Jan Kodes, right, was victrious at the 1973 Wimbledon Championships, but he faced a depleted field. (Bob Dear/AP)

Jan Kodes, right, won Wimbledon in 1973, but his victory came against a watered down field. (Bob Dear/AP)

It could be said that this year’s Wimbledon upsets have been unprecedented. But that could also be said about what happened at Wimbledon 40 years ago. Virtually all the world’s top male tennis players boycotted the sport’s showpiece. The Wall Street Journal’s Matthew Futterman, who wrote about the curious tournament that resulted, joined Bill Littlefield.

BL: In your article titled “The Wimbledon Boycott of ‘73” you write, “Nearly all of the top 70 players withdrew from the tournament.” What led Arthur Ashe, Ken Rosewall, John Newcombe, et al. to boycott?

MF: Well what had happened was Niki Pilic, who was from the former Yugoslavia, had decided to play in a professional tournament on a May weekend rather than playing in a Yugoslav Davis Cup tie against New Zealand. It probably would have been OK except somehow the Kiwis beat the Yugoslavs, 3-2.  And once that happened the Yugoslavian tennis federation blamed the whole thing on Niki Pilic not playing, and they suspended him for the rest of the year. Wimbledon decided to honor the suspension and said he’s not going to be able to play in our tournament. And, with that, the fledgling Association of Tennis Professionals decided to threaten a boycott over the right to play whenever they wanted and wherever they wanted.

BL: Alright, so 70 players basically boycotted Wimbledon in protest. Why didn’t Ilie Nastase and Jimmy Connors go along with that boycott? Were they anti-union?

MF: Jimmy Connors didn’t go along with the boycott because he was kind of a rebel and an upstart and very sort of untrusting of organizations like the ATP – an organization he later sued— and so in effect crossed the picket line. Now if you ask Niki Pilic, he will tell you that all those excuses are lame and that the only reason these players played was because they saw an opportunity to win in the most illustrious event in the sport.

BL: In a seriously depleted field, obviously.
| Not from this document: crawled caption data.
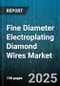 Fine Diameter Electroplating Diamond Wires Market by End Use Industry (Automotive, Cutting Tool, Electronics), Plating Material (Copper, Nickel, Nickel Copper Alloy), Diamond Grit Size, Wire Diameter, Application - Global Forecast 2025-2030 - Product Thumbnail Image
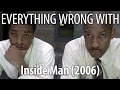 Download Lagu Everything Wrong With Inside Man in 15 Minutes or Less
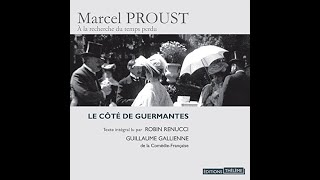 Du cote de Guermantes Marcel Proust livre audio partie 1 [upl. by Sirred]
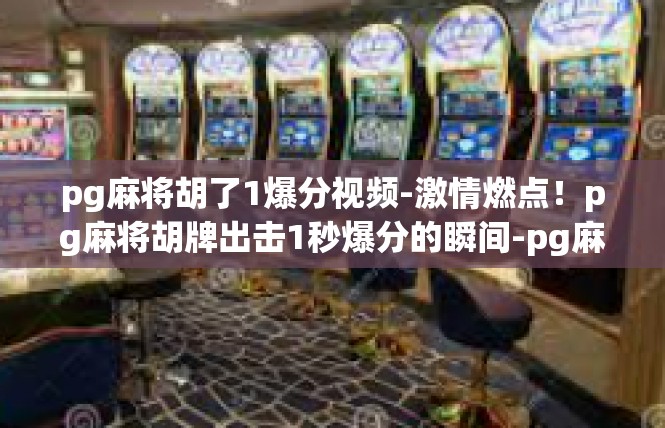pg麻将胡了1爆分视频-激情燃点！pg麻将胡牌出击1秒爆分的瞬间-pg麻将胡了1爆分视频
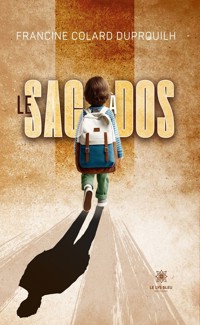 Le sac à dos - Francine Colard Duprouilh - ebook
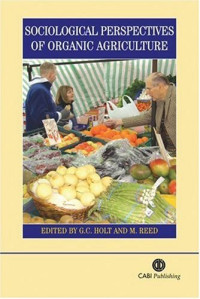 G. A. Holt, M. Reed — Sociological Perspectives of Organic Agriculture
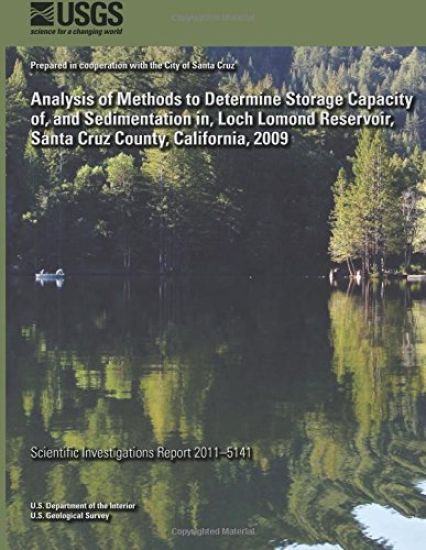 Analysis of Methods to Determine Storage Capacity of, and Sedimentation in, Loch Lomond Reservoir, Santa Cruz County, California, 2009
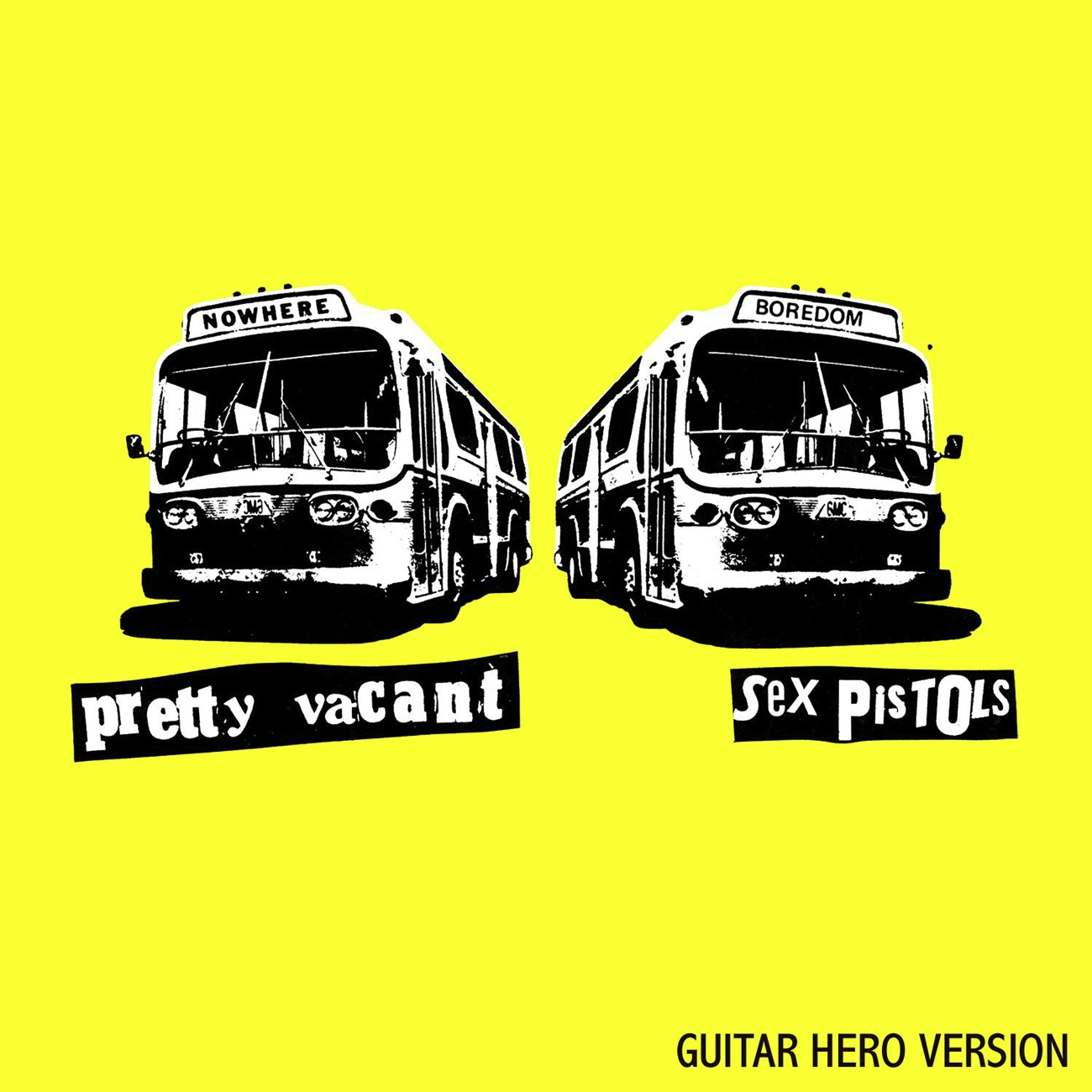 Pretty Vacant (Guitar Hero Version)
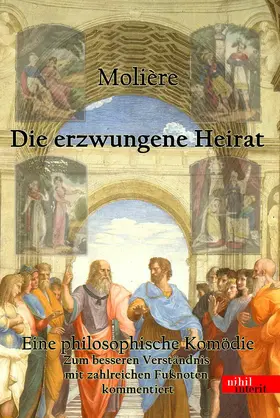 Molière / edition:nihil.interit |  Die erzwungene Heirat | eBook | Sack Fachmedien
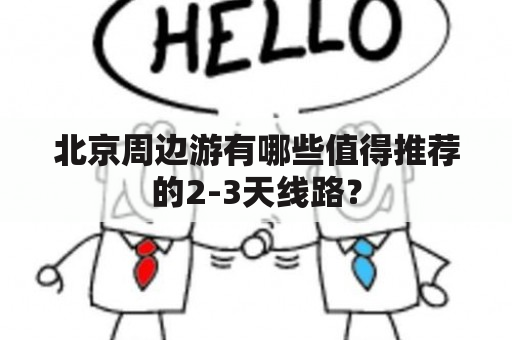 北京周边游有哪些值得推荐的2-3天线路？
MF: Yeah, right, but you know the thing is, 40 years later a lot of people have forgotten about how depleted that field was so they look at the record books, and they see Jan Kodes was the 1973 Wimbledon champion, and it’s the rare record book that would even bother to put an asterisk in there to say it. And I bet if you go over to Jan Kodes’s house for dinner he’s not going to tell you about how lame the field was, and instead he’ll show you his Wimbledon trophy.

BL: So the tournament, of course, did go on. Where did the International Tennis Federation find the players to fill out the rest of the draw?

MF: You had American college players, you had amateurs who were playing – they basically took anybody who could swing a racket. Bud Collins, the longtime tennis commentator, says he thinks they tried someone out who he had beaten back when he was sort of a competitive amateur back in the ‘50s. He certainly isn’t paying any compliments to the field.

BL: It was interesting to me that you wrote that the tournament was very well attended. Did the crowd have any problem with the quality of tennis on display?

MF: They don’t seem to. What was more important was supporting the establishment. I mean here were these sort of upstart players staging this boycott, and there was sort of a how-dare-they sensibility to all of this. How dare they want such freedom and not go along with our rules? So the British media, the British public, obviously the All England Club, was just hugely against the players. They did not win, you know, the battle of public perception in this in any way. What they won was the war in that they gained their freedom very shortly thereafter.

BL: So given the shape of tennis going forward after Wimbledon ’73 it would be fair to conclude the boycott was a success.

MF: It’s a huge success. I mean this was the moment where tennis really sort of grew up — the players no longer had to listen to their federation and could go anywhere and play whenever they wanted and wherever they wanted. And the federations were, you know, scared out of their wits by this sort of boycott. And the suspension was lifted. There was no way the U.S. Open was going to allow something like this to happen, and it’s basically been pretty smooth sailing for tennis players ever since. The players that are competing at Wimbledon, the purse is about $35 million.